Thyssenkrupp CEO Guido Kerkhoff said Monday that splitting up the engineering company was the only way to give shareholders the best value for money.
"We have clearly analyzed all options that are on the table and, for us, the highest value-accretion for our shareholders was clearly this way of splitting the company," the chief executive told CNBC's "Squawk Box Europe." "If you really look into valuation, the multiples we get as a group, they are largely still steel and materials-driven."
It emerged Thursday that Thyssenkrupp was planning to spin off its elevators, car parts and plant engineering divisions, following years of shareholder pressure. The proposal was approved by the firm's supervisory board on Sunday and Kerkhoff was appointed permanent CEO, having been interim chief executive since July, and Bernhard Pellens was named chairman.

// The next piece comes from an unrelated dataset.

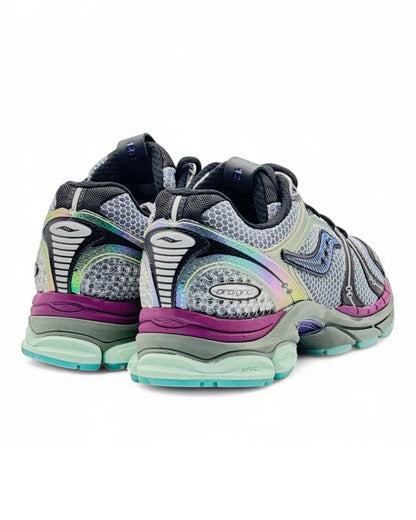 Saucony Triumph 4 "Holographique"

On Monday, Kerkhoff told CNBC that he hoped Thyssenkrupp could now enjoy much higher valuations and better profitability.
Thyssenkrupp has been facing pressure from activist investors for years. Sweden's Cevian Capital, the group's second largest shareholder with an 18 percent stake, has long been calling on management to improve performance and boost shareholder returns.
Kerkhoff said that the management board found "unanimous support from all involved parties, including the unions" to split Thyssenkrupp. He added that their backing gave him a clear, strong mandate to realize the plans.
The new strategy comes after several attempts to simplify the business. Under previous CEO Heinrich Hiesinger, who quit in July, Thyssenkrupp slimmed down significantly. The group also entered into a joint venture with Tata Steel. Despite these efforts, the stock has continued to trade at a significant discount to peers.
The split is expected to complete in the next 12 to 18 months. Management is focusing on the major steps required to separate the corporate entities but Kerkhoff said he does not see any major hurdles as they will not need big approvals from anti-trust regulators.
Analysts appeared to welcome the move, but also acknowledged that execution risks remain.
"We think the split makes sense. But we also think that the split will not create value quickly," Christian Obst, analyst at Baader Helvea, said in a note published last week.
Shares rallied as much as 17 percent on the news, but have since pared back gains.
Elsewhere, Kerkhoff said he did not anticipate Thyssenkrupp to be significantly impacted by U.S. trade tariffs.